• **WORK REQUIRED**
Begin at the line containing "Pokemon Battle Styles" in the data below and go on through the line containing "Set de canapele", repeating each line exactly; include both ends and no other line.

Top of RECORDED DATA

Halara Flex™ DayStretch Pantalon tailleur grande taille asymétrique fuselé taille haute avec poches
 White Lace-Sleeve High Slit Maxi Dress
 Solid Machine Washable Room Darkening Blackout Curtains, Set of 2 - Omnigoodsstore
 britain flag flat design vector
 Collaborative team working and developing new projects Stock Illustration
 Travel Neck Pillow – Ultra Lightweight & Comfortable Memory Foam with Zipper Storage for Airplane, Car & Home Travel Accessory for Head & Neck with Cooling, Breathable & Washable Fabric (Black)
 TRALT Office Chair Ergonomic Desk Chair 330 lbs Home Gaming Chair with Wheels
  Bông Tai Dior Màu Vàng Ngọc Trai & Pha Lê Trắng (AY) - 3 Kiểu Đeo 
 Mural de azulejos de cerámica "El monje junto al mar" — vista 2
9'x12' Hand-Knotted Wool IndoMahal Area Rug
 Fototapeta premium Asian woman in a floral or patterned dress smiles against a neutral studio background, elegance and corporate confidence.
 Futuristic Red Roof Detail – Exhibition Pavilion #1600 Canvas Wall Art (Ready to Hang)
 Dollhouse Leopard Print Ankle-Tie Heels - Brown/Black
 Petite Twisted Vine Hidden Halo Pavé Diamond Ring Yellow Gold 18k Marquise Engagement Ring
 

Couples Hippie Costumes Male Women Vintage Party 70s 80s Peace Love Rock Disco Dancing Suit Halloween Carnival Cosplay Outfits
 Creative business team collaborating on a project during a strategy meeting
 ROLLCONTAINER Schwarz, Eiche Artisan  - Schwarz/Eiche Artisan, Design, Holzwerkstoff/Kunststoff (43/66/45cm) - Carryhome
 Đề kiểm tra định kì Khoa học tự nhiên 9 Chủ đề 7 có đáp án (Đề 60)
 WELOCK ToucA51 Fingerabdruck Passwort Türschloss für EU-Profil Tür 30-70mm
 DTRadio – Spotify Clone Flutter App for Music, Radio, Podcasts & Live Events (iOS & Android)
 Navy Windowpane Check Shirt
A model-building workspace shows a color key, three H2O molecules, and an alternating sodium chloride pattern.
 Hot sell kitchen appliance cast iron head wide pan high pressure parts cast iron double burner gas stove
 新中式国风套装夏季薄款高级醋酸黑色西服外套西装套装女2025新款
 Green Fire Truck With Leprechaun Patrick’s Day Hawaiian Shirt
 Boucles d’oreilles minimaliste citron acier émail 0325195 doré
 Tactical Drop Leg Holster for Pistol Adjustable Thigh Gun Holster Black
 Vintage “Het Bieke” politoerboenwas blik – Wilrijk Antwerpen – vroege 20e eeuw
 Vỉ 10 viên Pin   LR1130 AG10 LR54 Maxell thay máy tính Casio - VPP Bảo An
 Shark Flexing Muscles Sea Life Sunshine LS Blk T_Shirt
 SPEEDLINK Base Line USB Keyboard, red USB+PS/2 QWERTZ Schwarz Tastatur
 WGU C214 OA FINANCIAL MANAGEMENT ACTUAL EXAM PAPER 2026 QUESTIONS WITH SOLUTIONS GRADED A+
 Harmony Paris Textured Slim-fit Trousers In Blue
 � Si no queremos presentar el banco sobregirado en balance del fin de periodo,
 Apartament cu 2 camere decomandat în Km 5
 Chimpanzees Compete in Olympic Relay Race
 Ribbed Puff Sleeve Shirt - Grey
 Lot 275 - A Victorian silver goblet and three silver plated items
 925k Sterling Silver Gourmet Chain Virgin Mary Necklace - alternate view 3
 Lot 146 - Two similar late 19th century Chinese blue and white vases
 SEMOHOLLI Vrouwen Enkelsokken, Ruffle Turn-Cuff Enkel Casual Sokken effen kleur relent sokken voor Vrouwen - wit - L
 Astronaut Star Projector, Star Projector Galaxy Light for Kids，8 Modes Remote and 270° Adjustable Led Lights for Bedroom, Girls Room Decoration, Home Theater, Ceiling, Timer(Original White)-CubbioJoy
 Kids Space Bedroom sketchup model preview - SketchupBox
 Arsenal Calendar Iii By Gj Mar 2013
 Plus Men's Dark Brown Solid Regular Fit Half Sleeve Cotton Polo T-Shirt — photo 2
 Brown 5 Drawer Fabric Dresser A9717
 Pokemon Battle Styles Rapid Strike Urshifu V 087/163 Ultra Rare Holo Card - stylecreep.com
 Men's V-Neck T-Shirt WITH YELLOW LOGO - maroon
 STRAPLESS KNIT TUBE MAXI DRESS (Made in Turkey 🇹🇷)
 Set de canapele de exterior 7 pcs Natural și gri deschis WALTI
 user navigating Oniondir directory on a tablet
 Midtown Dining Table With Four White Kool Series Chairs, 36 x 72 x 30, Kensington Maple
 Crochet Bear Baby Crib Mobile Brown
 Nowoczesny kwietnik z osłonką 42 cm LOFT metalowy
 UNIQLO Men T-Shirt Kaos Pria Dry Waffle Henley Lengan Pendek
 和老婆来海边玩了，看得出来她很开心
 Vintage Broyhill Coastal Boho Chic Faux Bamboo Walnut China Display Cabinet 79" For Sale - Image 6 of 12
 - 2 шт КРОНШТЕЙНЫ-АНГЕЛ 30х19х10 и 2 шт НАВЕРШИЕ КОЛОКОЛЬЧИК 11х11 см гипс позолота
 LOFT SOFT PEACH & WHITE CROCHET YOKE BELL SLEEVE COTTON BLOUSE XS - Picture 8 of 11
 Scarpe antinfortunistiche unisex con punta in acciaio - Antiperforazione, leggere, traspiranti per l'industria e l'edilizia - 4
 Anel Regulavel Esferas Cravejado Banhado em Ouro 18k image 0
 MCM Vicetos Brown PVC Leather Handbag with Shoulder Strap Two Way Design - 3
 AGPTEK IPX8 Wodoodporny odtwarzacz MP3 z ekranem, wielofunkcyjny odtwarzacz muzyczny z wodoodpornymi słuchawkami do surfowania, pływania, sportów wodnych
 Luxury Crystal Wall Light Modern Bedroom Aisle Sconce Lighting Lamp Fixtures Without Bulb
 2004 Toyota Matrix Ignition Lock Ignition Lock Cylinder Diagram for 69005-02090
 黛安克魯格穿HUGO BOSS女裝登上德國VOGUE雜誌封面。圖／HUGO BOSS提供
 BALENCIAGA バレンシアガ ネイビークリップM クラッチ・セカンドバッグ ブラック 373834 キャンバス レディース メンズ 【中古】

Bottom of RECORDED DATA

• **ANSWER TO THE EXERCISE**
 Pokemon Battle Styles Rapid Strike Urshifu V 087/163 Ultra Rare Holo Card - stylecreep.com
 Men's V-Neck T-Shirt WITH YELLOW LOGO - maroon
 STRAPLESS KNIT TUBE MAXI DRESS (Made in Turkey 🇹🇷)
 Set de canapele de exterior 7 pcs Natural și gri deschis WALTI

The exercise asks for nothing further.